Instructions for the task:
Exact copy, no pictures: reproduce the lines from the one that holds "Entrenadores podrán tener" through the end of the entries.

Record excerpts:
━━━━

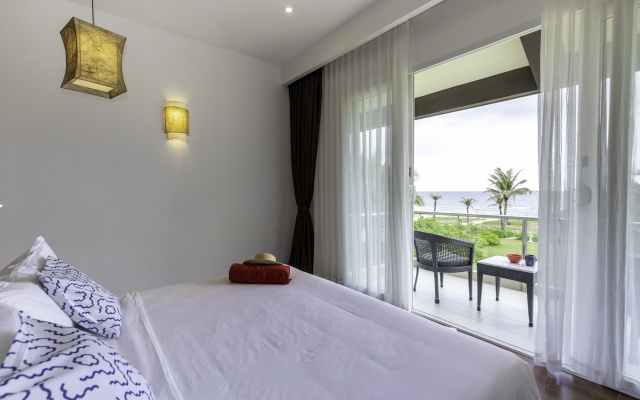 Robinson Nam Hoi An – Guest Rooms – Da Nang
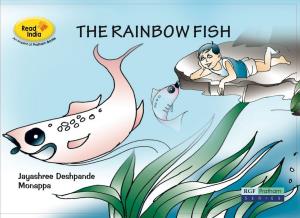 The rainbow fish (International Children's Digital Library)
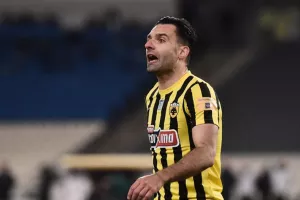 «Δεν είπα σκουλήκια τους φίλους του Άρη-Αν προσέβαλα τη μνήμη του Άλκη, να τιμωρηθώ»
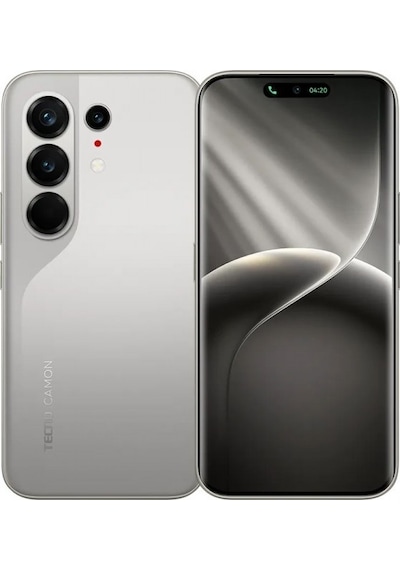 Tecno Camon 50 Ultra 5G 12 GB 256 GB (Tecno Türkiye Garantili)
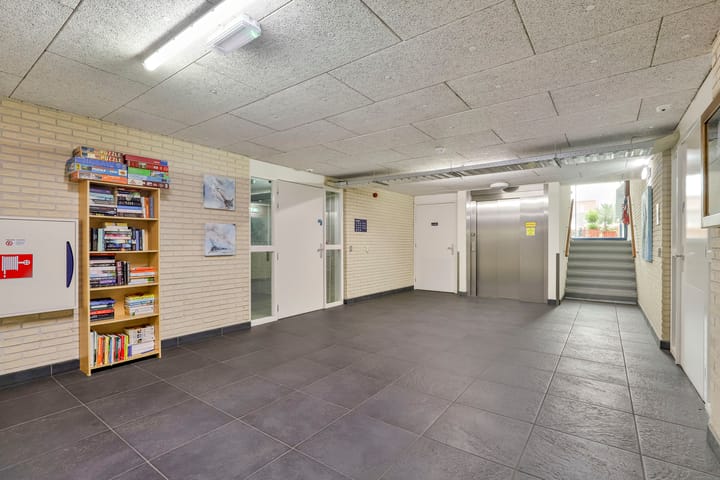 Foto 19 van Pater Rijkenstraat 8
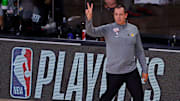 Entrenadores podrán tener a sus familiares en la siguiente ronda de los playoffs
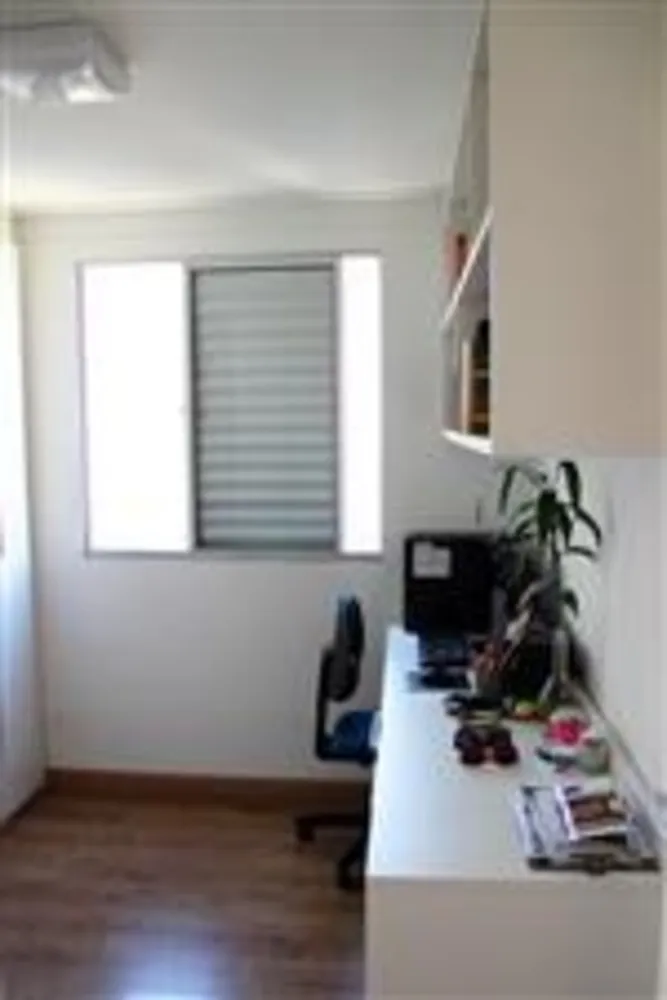 Apartamento, 3 quartos, 48 m² - Foto 5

━━━━

Result:
 Entrenadores podrán tener a sus familiares en la siguiente ronda de los playoffs
 Apartamento, 3 quartos, 48 m² - Foto 5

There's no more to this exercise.